We’ve partied on Facebook with games, teasers, bonus material, and giveaways. (The party’s still going on, so stop by the FACEBOOK EVENT and enter the giveaways before they’re over.)
Hopefully you’ve all bought your copy of Avery at its Science Geek Appreciation price of just $0.99. I promise, it’s worth the dollar! Amazon * iBooks * B&N * Kobo. And, of course, (fingers crossed) you’ve preordered your copy of Libby at the early bird sale price of $2.99.
It seems there’s only one thing left to do, and that would be get a nice good look at The Libby Garrett Intervention in this first-ever sneak peek!
Libby Garrett is addicted to Owen Jackson’s hot lovin’. But the sexy, popular college basketball player doesn’t appreciate all of Libby’s awesomeness. He refuses to be exclusive or even admit to people that they’re dating. The relationship is ruining Libby and she’s the only one who can’t see it.

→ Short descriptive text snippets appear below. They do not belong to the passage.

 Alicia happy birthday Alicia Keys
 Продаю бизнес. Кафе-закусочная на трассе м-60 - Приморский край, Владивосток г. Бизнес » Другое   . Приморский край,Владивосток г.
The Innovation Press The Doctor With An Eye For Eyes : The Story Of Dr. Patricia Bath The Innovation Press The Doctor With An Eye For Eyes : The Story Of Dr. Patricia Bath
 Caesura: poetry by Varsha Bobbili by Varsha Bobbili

When Libby’s behavior spirals completely out of control, her best friend Avery Shaw and the rest of the Science Squad stage an intervention hoping to cure Libby of her harmful Owen addiction. They put her through her very own Twelve Step program—Owen’s Anonymous—and recruit the help of a sexy, broody, hard as nails coffee man to be her official sponsor.
Adam Koepp has watched Libby Garrett for years. How could he not notice the sassy girl with the purple skateboard and helmet plastered with cat stickers? But in all the years he’s crushed on her, Libby has failed to take notice of him. Why would she when he was just a nobody high school drop out who served her apple cider several times a week? Especially when she was hooking up with a guy like Owen Jackson—a guy with a college scholarship and more abs than Kyle Hamilton.

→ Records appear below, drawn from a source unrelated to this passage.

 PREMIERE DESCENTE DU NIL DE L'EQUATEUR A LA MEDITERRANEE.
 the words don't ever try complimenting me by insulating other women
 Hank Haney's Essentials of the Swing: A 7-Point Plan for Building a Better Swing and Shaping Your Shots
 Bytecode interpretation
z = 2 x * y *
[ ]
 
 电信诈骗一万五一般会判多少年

Adam finally gets the chance to meet Libby when his co-worker Avery Shaw recruits him to take Libby on the journey of a lifetime. With his ability to play Bad Cop and his experience with the Twelve Step program he’s the perfect candidate to be Libby’s sponsor. But will he be able to keep his personal feelings out of the matter and really help her the way she needs? And will Libby hate him when he forces her to take an honest look at herself?

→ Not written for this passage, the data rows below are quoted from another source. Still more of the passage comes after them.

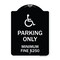 Signmission W/ Modified Isa Icon Parking Minimum Fine $250 Heavy-Gauge Aluminum Sign, 24" x 18", BW-1824-22700 A-DES-BW-1824-22700 - alternate 1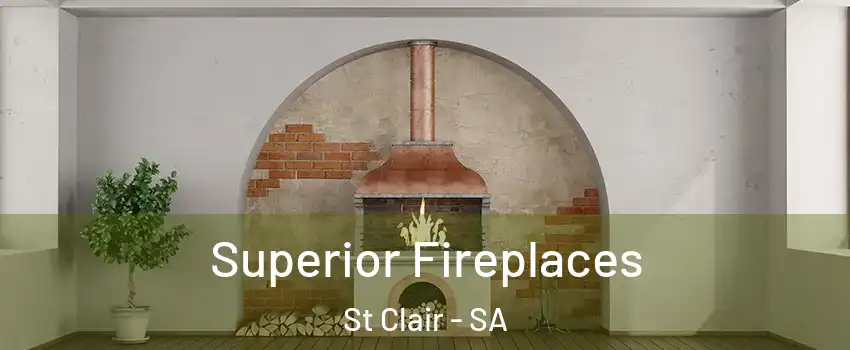 Superior Fireplaces St Clair - SA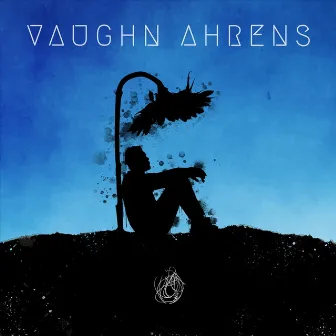 Here Lies Vaughn Ahrens by Vaughn Ahrens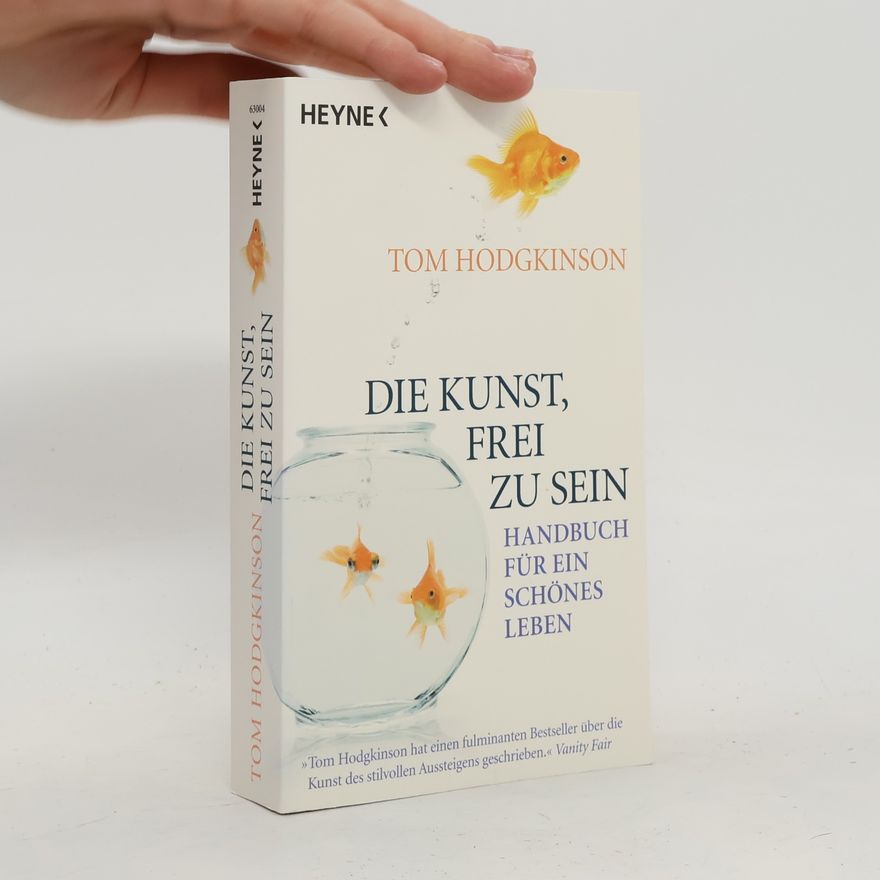 Tom Hodgkinson Die Kunst, frei zu sein
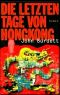 Die letzten Tage von Hongkong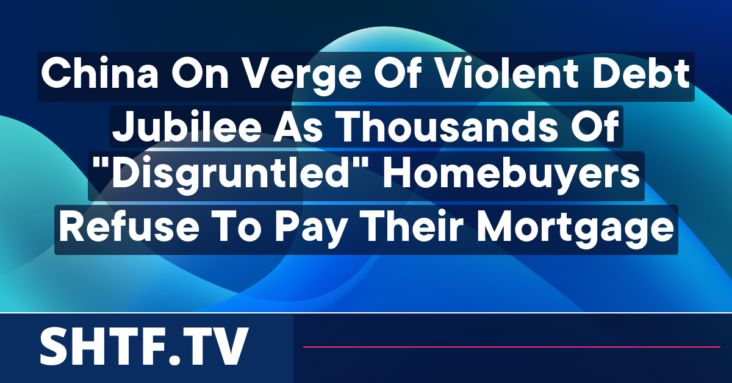 China On Verge Of Violent Debt Jubilee As "Disgruntled" Homebuyers Refuse To Pay Their Mortgages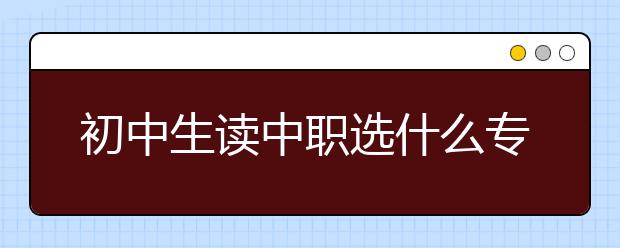 初中生读中职选什么专业好?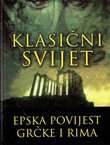 Klasični svijet. Epska povijest Grčke i Rima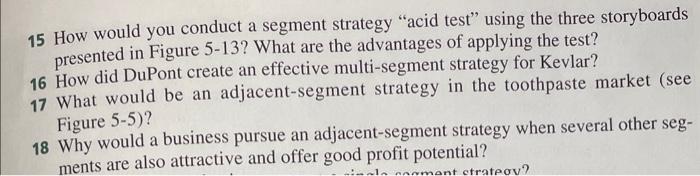 Solved 15 How would you conduct a segment strategy 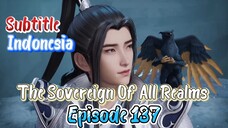 Indo Sub- Wan Jie Du Zun – Ten Thousand Worlds episode 137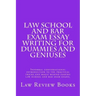 Law School And Bar Exam Essay Writing For Dummies And Geniuses: Informal conversational introduction to the practical tricks and magic behind passing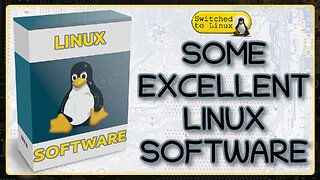 Excellent Linux Software
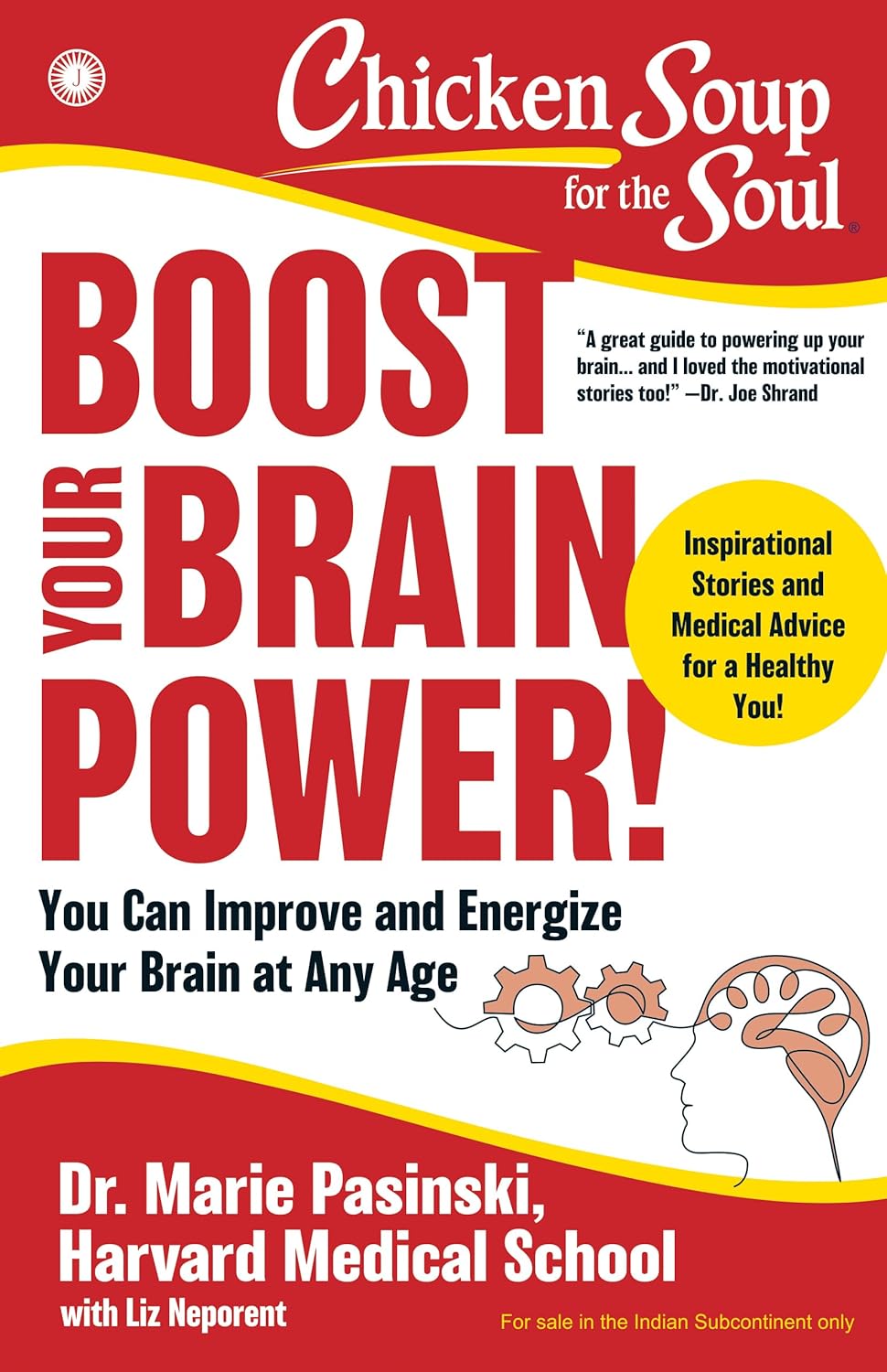 Chicken Soup for the Soul: Boost Your Brain Power: You Can Improve and Energize Your Brain at Any Age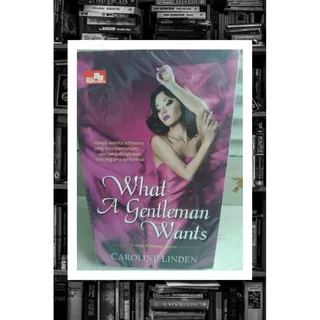 Novel What A Gentleman Wants By Caroline Linden (Novel Terjemahan)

(This excerpt hasn’t been though it’s final round of edits and is subject to change in the final draft.)
“I love Avery, and I’m happy for her—she certainly deserves Grayson—but now her perception of reality is totally skewed. She thinks everyone has a fairy-tale ending coming to them. She doesn’t understand that most of us won’t be so lucky. Especially not someone like me.”
Adam kept his gaze on the window and let out a breath. “Someone like you?”
“Yeah, someone like me. Fat girls don’t exactly get a lot of love.”
He pulled his eyes away from the view to glare at me for that one. I wasn’t sure what his problem was. It’s not like my weight was a secret.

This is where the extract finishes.